Gesù non ha trattenuto niente di sé, si è offerto completamente, ha reso e riassunto tutta la Sua vita in un solo gesto: l’amore. 

La vera vita trova proprio pieno senso nel dono di sé.

Non è il possesso avaro dei nostri beni materiali e spirituali che ci fa vivere. Questo possesso ci da solo un’apparenza di vita, una soddisfazione temporanea ma che è destinata a scemare e a perdersi nel vuoto.

Un vuoto senza senso che è il pericolo più grande e in cui tutte e tutti rischiamo di precipitare.

Invece, se assumiamo le nostre vite come un dono e le rendiamo  a loro volta generatrici di doni per coloro che attraversano le nostre esistenze, allora davvero abbiamo la possibilità di farle splendere, di farle diventare testimonianze della bellezza della vita in Gesù.

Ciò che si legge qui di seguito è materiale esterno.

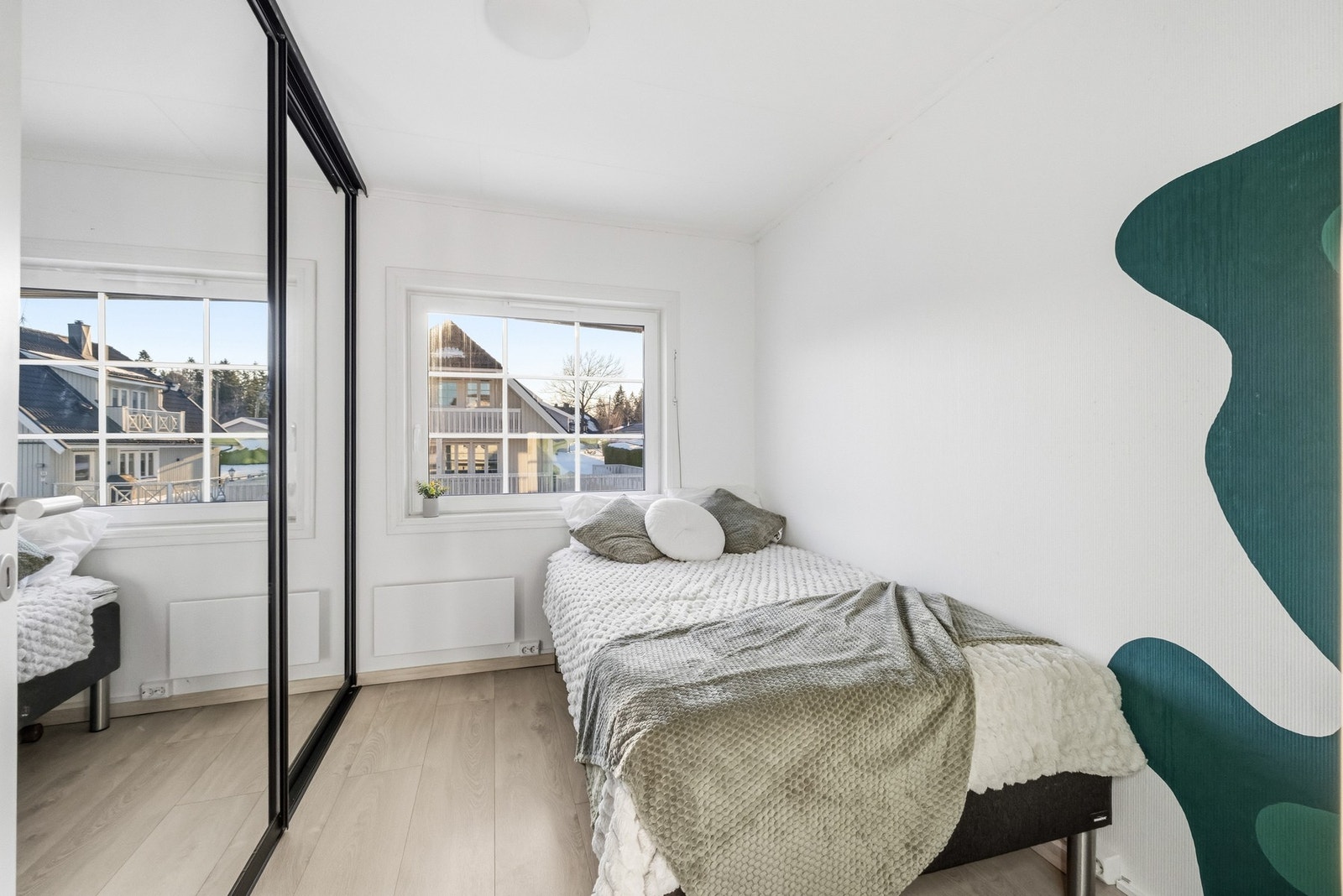 Alle rommene har plassbygde skyvedørsgarderober med speilflater, samt store vindusflater som gir rikelig med naturlig lys inn. Galleribilde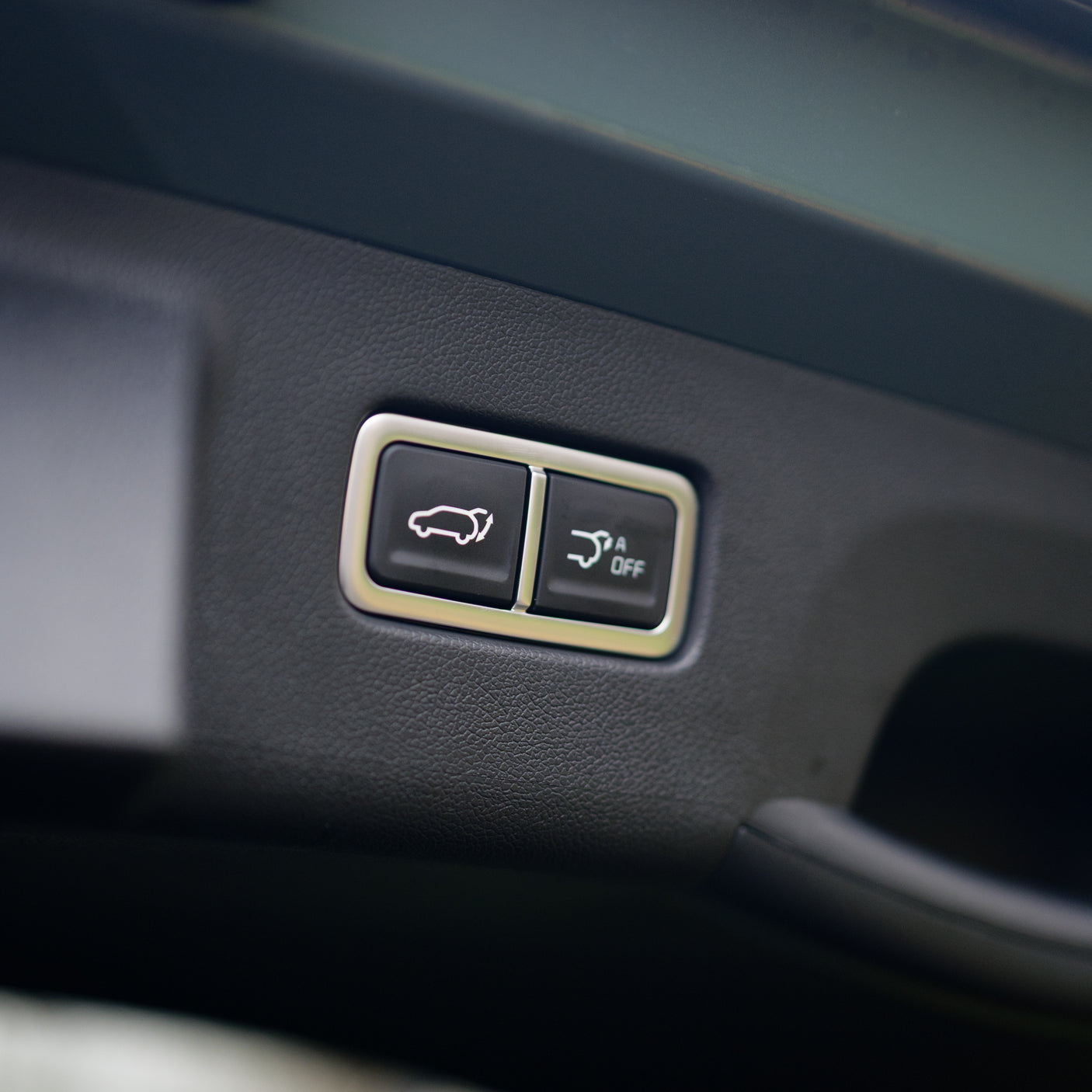 BRAND NEW Automatic 7 seat Kia Sorento 4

Questa è la vera vita e Gesù ci invita a coglierla attraverso la Sua persona, per mezzo della Sua vita che trasforma.

Nel Nuovo Testamento abbiamo tanti racconti, tanti passi che ci richiamano al senso di una vita autentica, di una vita ben spesa. 

Pensiamo alla parabola del Samaritano che si ferma lungo la strada per soccorrere l’uomo derubato e ferito dai briganti, quando invece il levita e il sacerdote, ricchi di scienza e conoscenza ma ripiegati su loro stessi, erano passati oltre.

Quell’uomo condivise prima la sua attenzione, la sua cura verso un essere umano che rischiava magari di non farcela e poi anche i suoi mezzi materiali dando due denari all’albergatore e assicurandolo che avrebbe rimborsato le eventuali altre spese al suo ritorno.

Gesù disse al dottore della legge, che si era alzato per metterlo alla prova chiedendogli “Maestro, che devo fare per ereditare la vita eterna?” e poi “ chi è il mio prossimo?”: “Và, e fa anche tu la stessa cosa” (Luca 10,25-37).

Cioè: fermati, guardati intorno, non rimanere indifferente. Spendi la tua vita come il Samaritano che si è piegato sulle ferite dell’uomo derubato e picchiato. Eppure, quel Samaritano, come anche il levita e il sacerdote, aveva una sua vita, aveva i suoi affari, è ripartito, subito dopo essersi perso cura dell’uomo, per le sue incombenze. Ma ciò che lo ha contraddistinto è stato l’amore per il suo prossimo. 

Questa è la fonte vera della vita. Questo è ciò che davvero che ci fa vivere e che da senso ad ogni nostra esistenza.

Paolo racchiude poi meravigliosamente questo senso nell’Inno all’amore. 

Dalla 1^ lettera  ai Corinzi, capitolo 13, versetti da 1 a13.

1 Se parlassi le lingue degli uomini e degli angeli, ma non avessi amore, sarei un rame risonante o uno squillante cembalo. 2 Se avessi il dono di profezia e conoscessi tutti i misteri e tutta la scienza e avessi tutta la fede in modo da spostare i monti, ma non avessi amore, non sarei nulla. 3 Se distribuissi tutti i miei beni per nutrire i poveri, se dessi il mio corpo a essere arso, e non avessi amore, non mi gioverebbe a niente.
4 L'amore è paziente, è benevolo; l'amore non invidia; l'amore non si vanta, non si gonfia, 5 non si comporta in modo sconveniente, non cerca il proprio interesse, non s'inasprisce, non addebita il male, 6 non gode dell'ingiustizia, ma gioisce con la verità; 7 soffre ogni cosa, crede ogni cosa, spera ogni cosa, sopporta ogni cosa.
8 L'amore non verrà mai meno. Le profezie verranno abolite; le lingue cesseranno e la conoscenza verrà abolita; 9 poiché noi conosciamo in parte, e in parte profetizziamo; 10 ma quando la perfezione sarà venuta, quello che è solo in parte sarà abolito. 11 Quando ero bambino, parlavo da bambino, pensavo da bambino, ragionavo da bambino; ma quando sono diventato uomo, ho smesso le cose da bambino. 12 Poiché ora vediamo come in uno specchio, in modo oscuro; ma allora vedremo faccia a faccia; ora conosco in parte; ma allora conoscerò pienamente, come anche sono stato perfettamente conosciuto.
13 Ora dunque queste tre cose durano: fede, speranza, amore; ma la più grande di esse è l’amore.

Care sorelle, cari fratelli: cresciamo nell’amore per crescere nella  vera vita.